Aur鬩en Royer 22/06/2007 20:04

Pour commencer, deux remarques TSS (Tout Sauf Sérieuses): 1- attention, vous allez finir par adhérer au PS à force de vous référer si souvent à Ségolène Royal !2- je constate que ma petite analyse historique vous a plu !!Redevons sérieux !! Je vous remercie pour cette belle analyse, pertinente et très bien illustrée: l'exemple suédois est très pertinent !! Je reste toutefois persuadé qu'il ne faut pas supprimer l'ISf mais l'aménager de façon à ce qu'il sanctionne plus lourdement les familles épargnant. Cet impôt, sans être nul, serait abaissé à un niveau très faible pour ceux qui investissent, sous quelque forme que ce soit, dans l'économie.Mon objectif est de transférer l'argent concerné: aujourd'hui, l'Etat perçoit des impôts... demain, il pourrait réduire ses dépenses, lorsque ces riches familles prendraient à leur charge certaines dépenses de mécénat.

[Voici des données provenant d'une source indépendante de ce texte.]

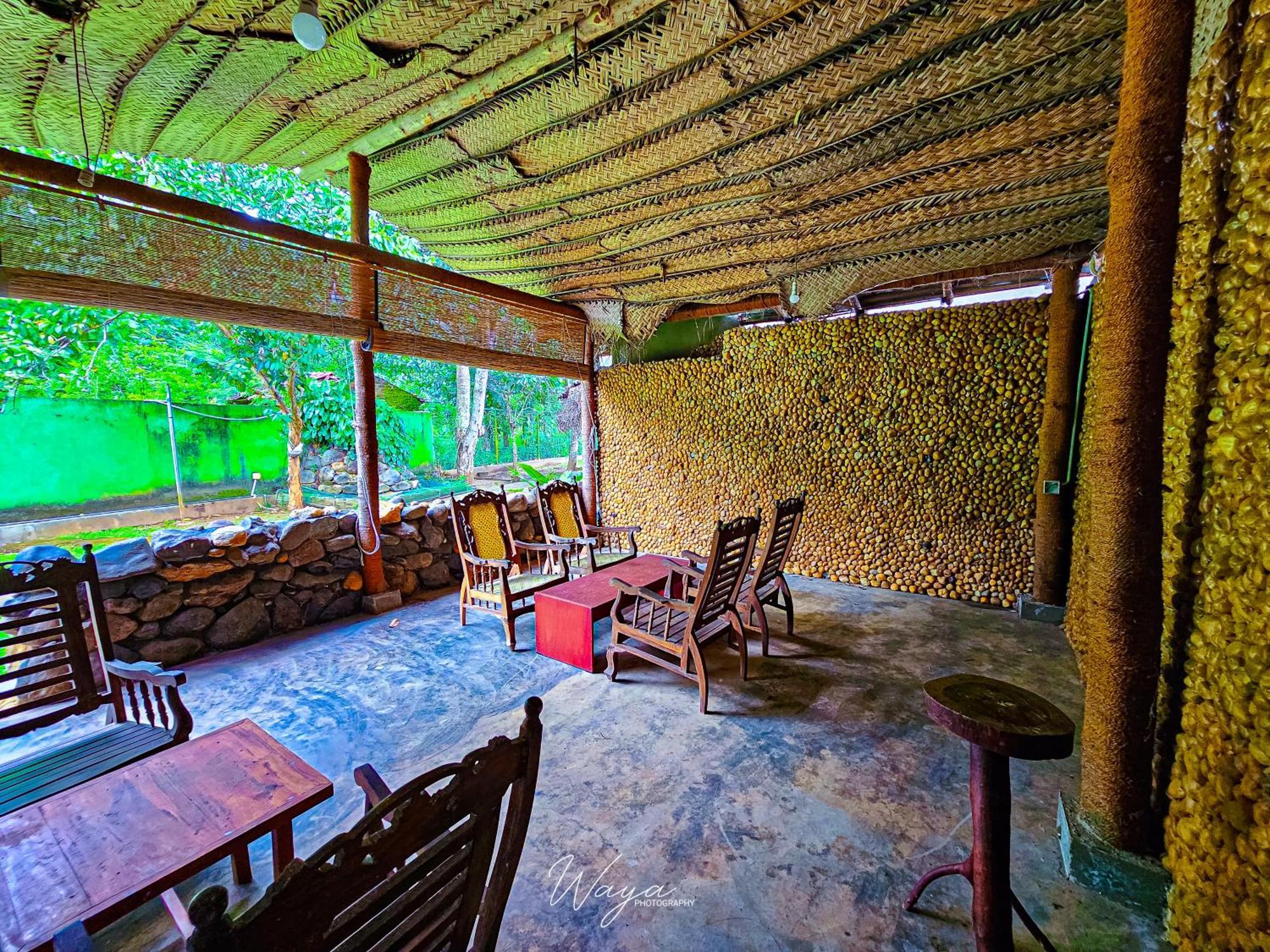 Elephant Paradise Safari Bungalow 达瓦拉维 外观 照片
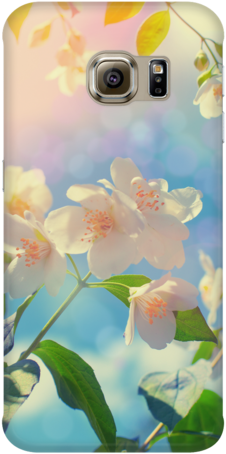 Blossom Phone Case - Die Magie Des Moments – Entspannungsübung Für Achtsamkeit (480x480), Png Download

Puisque mes analyses historiques vous intéressent, en voici une autre: dans l'empire romain, lorsqu'un riche propriétaire devenait magistrat (l'équivalent d'un maire ou conseiller municipal, pour simplifier), il remerciait les habitants de la ville en participant au financement des travaux d'urbanisme.Aujourd'hui, un riche contribuable faisant un don d'argent régulier à une fondation, à une association, à un établissement public (une bibliothèque, une école...), il est normal que ses charges fiscales soient réduites en conséquence.Mais, dans mon esprit, il s'agit de réformer un ISF qui, couplé à des droits de succession aux aussi réformés, formerait un seul impôt, payé en "deux temps" et ne frappant vraiment que ces riches qui font dormir leur argent sur des comptes bancaires.